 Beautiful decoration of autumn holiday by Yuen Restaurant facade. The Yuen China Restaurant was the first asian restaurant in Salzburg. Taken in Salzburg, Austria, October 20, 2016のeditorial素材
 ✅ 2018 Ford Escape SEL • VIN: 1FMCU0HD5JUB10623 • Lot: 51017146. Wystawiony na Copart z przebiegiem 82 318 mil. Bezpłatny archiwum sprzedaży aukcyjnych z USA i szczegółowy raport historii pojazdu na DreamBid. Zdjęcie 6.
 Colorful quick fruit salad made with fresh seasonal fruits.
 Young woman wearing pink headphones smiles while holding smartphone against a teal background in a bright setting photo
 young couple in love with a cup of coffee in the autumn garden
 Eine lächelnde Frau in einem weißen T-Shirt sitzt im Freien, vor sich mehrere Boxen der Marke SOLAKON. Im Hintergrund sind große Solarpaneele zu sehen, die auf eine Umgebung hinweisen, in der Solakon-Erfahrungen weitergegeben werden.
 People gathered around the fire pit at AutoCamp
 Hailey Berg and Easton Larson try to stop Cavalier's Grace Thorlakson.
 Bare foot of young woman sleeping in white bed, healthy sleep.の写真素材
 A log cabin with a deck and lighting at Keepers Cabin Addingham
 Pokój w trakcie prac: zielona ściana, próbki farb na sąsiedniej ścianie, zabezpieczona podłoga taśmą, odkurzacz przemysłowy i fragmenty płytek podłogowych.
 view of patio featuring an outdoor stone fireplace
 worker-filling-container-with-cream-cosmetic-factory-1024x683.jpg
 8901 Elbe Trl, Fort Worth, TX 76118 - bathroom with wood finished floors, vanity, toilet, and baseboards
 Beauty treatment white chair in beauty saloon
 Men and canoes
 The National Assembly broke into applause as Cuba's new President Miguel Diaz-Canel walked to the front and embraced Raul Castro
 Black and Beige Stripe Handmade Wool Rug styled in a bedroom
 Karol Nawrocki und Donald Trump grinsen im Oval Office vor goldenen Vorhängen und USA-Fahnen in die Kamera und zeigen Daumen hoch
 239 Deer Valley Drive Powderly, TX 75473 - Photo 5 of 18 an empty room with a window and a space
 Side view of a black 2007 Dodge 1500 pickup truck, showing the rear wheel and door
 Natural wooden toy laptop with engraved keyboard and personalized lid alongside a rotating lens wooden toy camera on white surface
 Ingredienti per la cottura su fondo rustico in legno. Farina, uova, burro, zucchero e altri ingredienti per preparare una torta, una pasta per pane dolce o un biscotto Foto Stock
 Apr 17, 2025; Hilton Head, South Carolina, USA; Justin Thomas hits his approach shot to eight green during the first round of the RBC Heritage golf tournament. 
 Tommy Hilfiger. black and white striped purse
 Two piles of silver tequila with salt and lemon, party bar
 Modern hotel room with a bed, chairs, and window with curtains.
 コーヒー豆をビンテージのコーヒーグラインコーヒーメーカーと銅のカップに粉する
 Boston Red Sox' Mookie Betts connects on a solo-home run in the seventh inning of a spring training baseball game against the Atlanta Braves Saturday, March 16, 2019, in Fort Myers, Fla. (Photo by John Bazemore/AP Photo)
################
§ **Work to be completed**
Each line from the top of the material above, through the one that contains "Colorful quick fruit", should be restated word for word.

§ **Answer**
 Beautiful decoration of autumn holiday by Yuen Restaurant facade. The Yuen China Restaurant was the first asian restaurant in Salzburg. Taken in Salzburg, Austria, October 20, 2016のeditorial素材
 ✅ 2018 Ford Escape SEL • VIN: 1FMCU0HD5JUB10623 • Lot: 51017146. Wystawiony na Copart z przebiegiem 82 318 mil. Bezpłatny archiwum sprzedaży aukcyjnych z USA i szczegółowy raport historii pojazdu na DreamBid. Zdjęcie 6.
 Colorful quick fruit salad made with fresh seasonal fruits.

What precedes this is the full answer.